1977
Tuesday, August 4, 2009 at 10:29PM
The Spectator Bird
By Wallace Stegner
Original Publisher: The Franklin Library
Current Publisher: Penguin Books
Harold Augenbraum writes:
When you read a book about memory and its triggers, you can’t help but think about Proust, who based his great book on three types of memory: voluntary, involuntary, and historical. His novel itself was a fourth, an autobiography that talks back to the writer. Here Stegner goes a bit further, adding a truly mnemonic device, a series of snapshots in words, a diary that throws the writer and his wife into a maelstrom of remembered and unremembered thoughts and feelings, after so many years of pressing emotional flowers between the pages of other yearbooks. That the main character is not a writer himself but a literary agent—that grand anomaly of literary connoisseur who appreciates and enthuses but does not create—who is then forced to confront his past through his own writing adds texture to an already brilliant evocation.
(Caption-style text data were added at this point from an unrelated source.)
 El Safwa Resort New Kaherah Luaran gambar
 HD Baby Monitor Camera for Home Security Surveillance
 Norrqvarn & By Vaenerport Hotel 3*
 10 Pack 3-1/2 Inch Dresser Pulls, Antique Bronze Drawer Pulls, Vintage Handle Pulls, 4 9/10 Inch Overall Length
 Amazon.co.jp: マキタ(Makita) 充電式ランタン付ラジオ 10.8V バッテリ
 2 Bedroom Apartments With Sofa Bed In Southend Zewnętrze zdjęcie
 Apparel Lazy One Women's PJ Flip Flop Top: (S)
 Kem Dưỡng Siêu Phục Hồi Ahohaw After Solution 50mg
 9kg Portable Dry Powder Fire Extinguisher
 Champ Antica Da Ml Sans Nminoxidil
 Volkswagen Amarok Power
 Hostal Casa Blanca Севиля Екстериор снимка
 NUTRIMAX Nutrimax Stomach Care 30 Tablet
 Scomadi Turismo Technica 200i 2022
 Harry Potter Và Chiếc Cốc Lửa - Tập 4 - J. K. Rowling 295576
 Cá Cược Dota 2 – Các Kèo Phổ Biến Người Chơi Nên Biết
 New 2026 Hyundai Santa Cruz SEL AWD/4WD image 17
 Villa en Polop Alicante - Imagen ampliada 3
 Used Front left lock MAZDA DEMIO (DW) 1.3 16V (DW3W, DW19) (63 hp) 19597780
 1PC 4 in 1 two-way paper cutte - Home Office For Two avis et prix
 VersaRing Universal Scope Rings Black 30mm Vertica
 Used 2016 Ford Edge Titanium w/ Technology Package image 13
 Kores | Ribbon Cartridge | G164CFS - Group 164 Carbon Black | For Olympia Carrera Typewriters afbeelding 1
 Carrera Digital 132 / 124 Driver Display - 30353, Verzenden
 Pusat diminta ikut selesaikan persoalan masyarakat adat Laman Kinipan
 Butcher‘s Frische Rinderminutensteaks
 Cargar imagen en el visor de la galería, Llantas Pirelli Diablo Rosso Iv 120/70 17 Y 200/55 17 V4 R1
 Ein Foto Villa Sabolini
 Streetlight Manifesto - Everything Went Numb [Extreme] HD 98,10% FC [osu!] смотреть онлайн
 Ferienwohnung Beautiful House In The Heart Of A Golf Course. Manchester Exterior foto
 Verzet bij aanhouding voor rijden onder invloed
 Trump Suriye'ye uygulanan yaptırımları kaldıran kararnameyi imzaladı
Then add the juxtaposition of the Nordic and the Mediterranean—the Danish aristocracy, the Italian novelist—the middle and upper classes, the ethics of twentieth century politics, and you have a seamless, beautiful work of imagination and re-imagination, of personal and social history, of love and family, of intimacy and alienation, of loss and discovery.
Harold Augenbraum is Executive Director of the National Book Foundation, an editor and translator.
ISBN: 9780140139402
Fiction Finalists that Year:
- Raymond Carver for Will You Please Be Quiet, Please?
- MacDonald Harris for The Balloonist
- Ursula K. Le Guin for Orsinian Tales
- Cynthia Propper Seton for A Fine Romance
Fiction Judges that Year: Erskine Caldwell, George P. Elliott, Orville Prescott
The Year in Literature:
- The Pulitzer Prize was not given for Fiction.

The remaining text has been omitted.